* _What is being asked_: From top to bottom, reproduce the listing without a single change.

* _Dataset content_:
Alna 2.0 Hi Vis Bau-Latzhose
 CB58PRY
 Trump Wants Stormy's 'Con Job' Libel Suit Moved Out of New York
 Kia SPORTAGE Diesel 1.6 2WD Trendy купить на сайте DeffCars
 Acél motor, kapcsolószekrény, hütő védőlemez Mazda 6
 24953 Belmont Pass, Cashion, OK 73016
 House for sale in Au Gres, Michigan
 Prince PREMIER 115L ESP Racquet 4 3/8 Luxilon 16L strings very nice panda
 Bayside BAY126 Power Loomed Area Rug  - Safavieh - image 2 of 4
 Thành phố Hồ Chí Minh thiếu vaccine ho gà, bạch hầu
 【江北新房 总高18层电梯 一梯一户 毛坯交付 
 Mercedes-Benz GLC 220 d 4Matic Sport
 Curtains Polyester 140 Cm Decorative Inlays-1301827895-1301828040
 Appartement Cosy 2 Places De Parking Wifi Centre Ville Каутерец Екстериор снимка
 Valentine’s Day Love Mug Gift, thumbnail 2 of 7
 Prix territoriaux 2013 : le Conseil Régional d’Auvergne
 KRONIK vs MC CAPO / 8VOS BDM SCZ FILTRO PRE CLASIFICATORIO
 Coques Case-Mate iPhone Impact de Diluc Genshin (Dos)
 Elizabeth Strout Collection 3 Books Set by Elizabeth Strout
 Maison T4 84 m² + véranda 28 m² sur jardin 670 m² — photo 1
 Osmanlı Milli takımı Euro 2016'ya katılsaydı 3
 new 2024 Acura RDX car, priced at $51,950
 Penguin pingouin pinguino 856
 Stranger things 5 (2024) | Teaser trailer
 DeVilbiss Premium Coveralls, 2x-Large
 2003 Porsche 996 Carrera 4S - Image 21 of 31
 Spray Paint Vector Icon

* _Exercise output_:
Alna 2.0 Hi Vis Bau-Latzhose
 CB58PRY
 Trump Wants Stormy's 'Con Job' Libel Suit Moved Out of New York
 Kia SPORTAGE Diesel 1.6 2WD Trendy купить на сайте DeffCars
 Acél motor, kapcsolószekrény, hütő védőlemez Mazda 6
 24953 Belmont Pass, Cashion, OK 73016
 House for sale in Au Gres, Michigan
 Prince PREMIER 115L ESP Racquet 4 3/8 Luxilon 16L strings very nice panda
 Bayside BAY126 Power Loomed Area Rug  - Safavieh - image 2 of 4
 Thành phố Hồ Chí Minh thiếu vaccine ho gà, bạch hầu
 【江北新房 总高18层电梯 一梯一户 毛坯交付 
 Mercedes-Benz GLC 220 d 4Matic Sport
 Curtains Polyester 140 Cm Decorative Inlays-1301827895-1301828040
 Appartement Cosy 2 Places De Parking Wifi Centre Ville Каутерец Екстериор снимка
 Valentine’s Day Love Mug Gift, thumbnail 2 of 7
 Prix territoriaux 2013 : le Conseil Régional d’Auvergne
 KRONIK vs MC CAPO / 8VOS BDM SCZ FILTRO PRE CLASIFICATORIO
 Coques Case-Mate iPhone Impact de Diluc Genshin (Dos)
 Elizabeth Strout Collection 3 Books Set by Elizabeth Strout
 Maison T4 84 m² + véranda 28 m² sur jardin 670 m² — photo 1
 Osmanlı Milli takımı Euro 2016'ya katılsaydı 3
 new 2024 Acura RDX car, priced at $51,950
 Penguin pingouin pinguino 856
 Stranger things 5 (2024) | Teaser trailer
 DeVilbiss Premium Coveralls, 2x-Large
 2003 Porsche 996 Carrera 4S - Image 21 of 31
 Spray Paint Vector Icon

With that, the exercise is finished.